EXERCISE DIRECTIONS: Restate the full listing word for word; images stay out of it.
(Beginning of MATERIAL SUPPLIED)
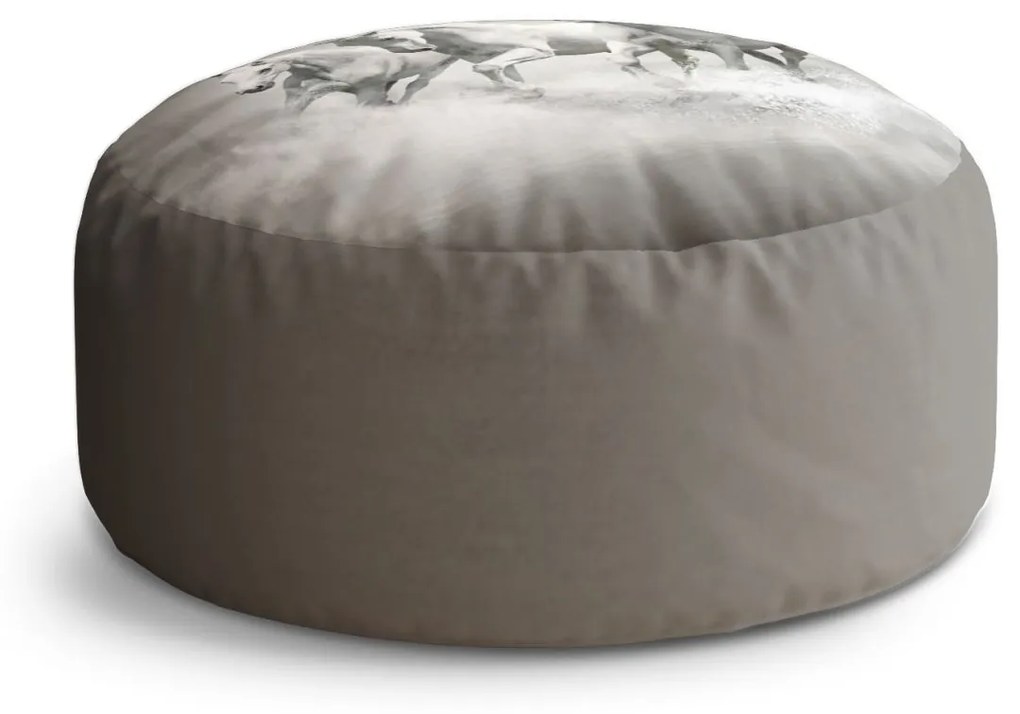 Sablio Taburet Biele kone: 38x48 cm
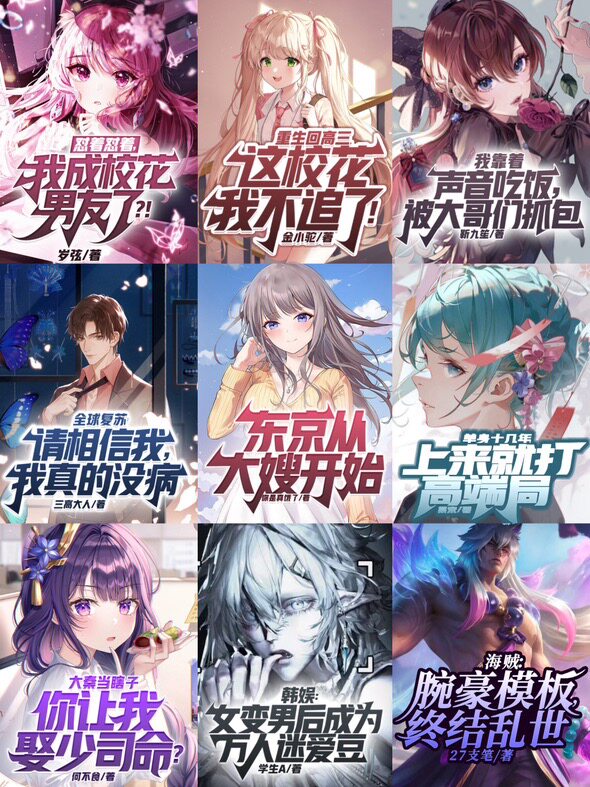 小说封面设计专业网文排版平面字体美化加急代做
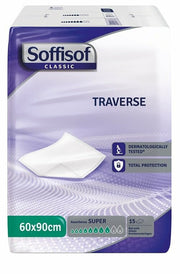 Traversa per incontinenza soffisof classic 8 gocce 60 x 90 15 pezzi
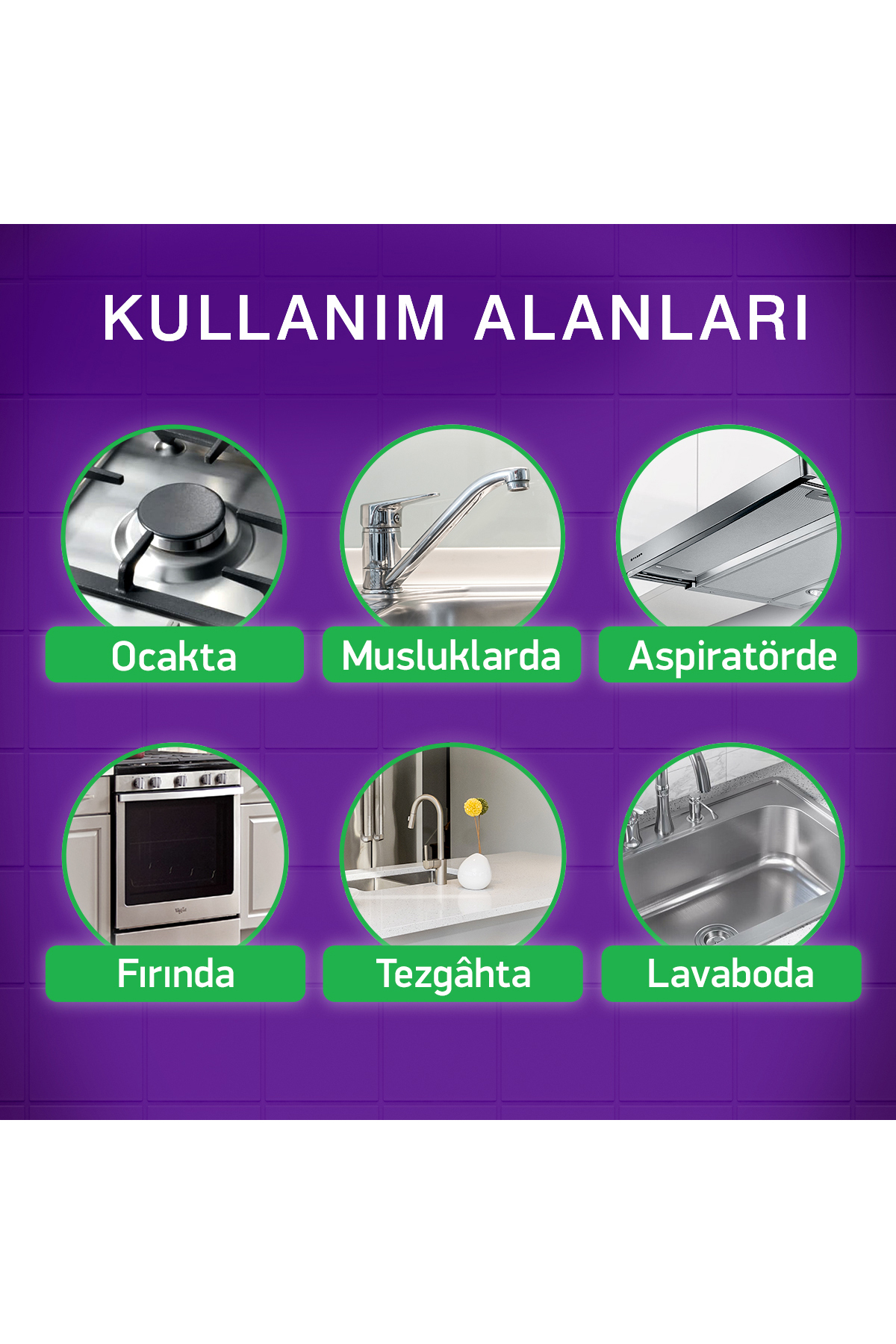 Mutfak Temizleyici Yağ, Kir Ve Kireç Sökücü Sprey 750ml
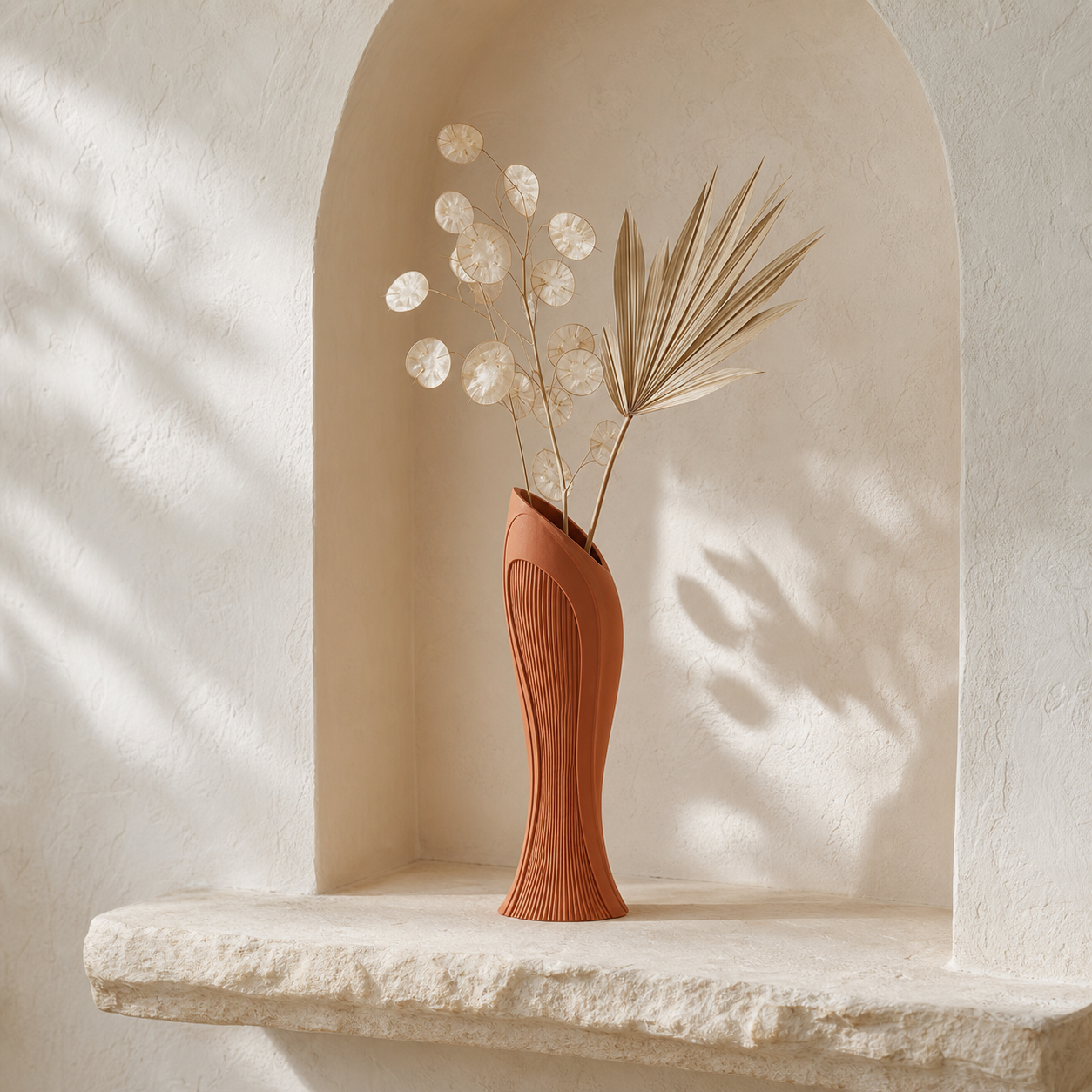 Capsule Vase – Skulpturale Trockenblumenvase FehnFactory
(End of MATERIAL SUPPLIED)
RESPONSE TO THE EXERCISE:
 Sablio Taburet Biele kone: 38x48 cm
 小说封面设计专业网文排版平面字体美化加急代做
 Traversa per incontinenza soffisof classic 8 gocce 60 x 90 15 pezzi
 Mutfak Temizleyici Yağ, Kir Ve Kireç Sökücü Sprey 750ml
 Capsule Vase – Skulpturale Trockenblumenvase FehnFactory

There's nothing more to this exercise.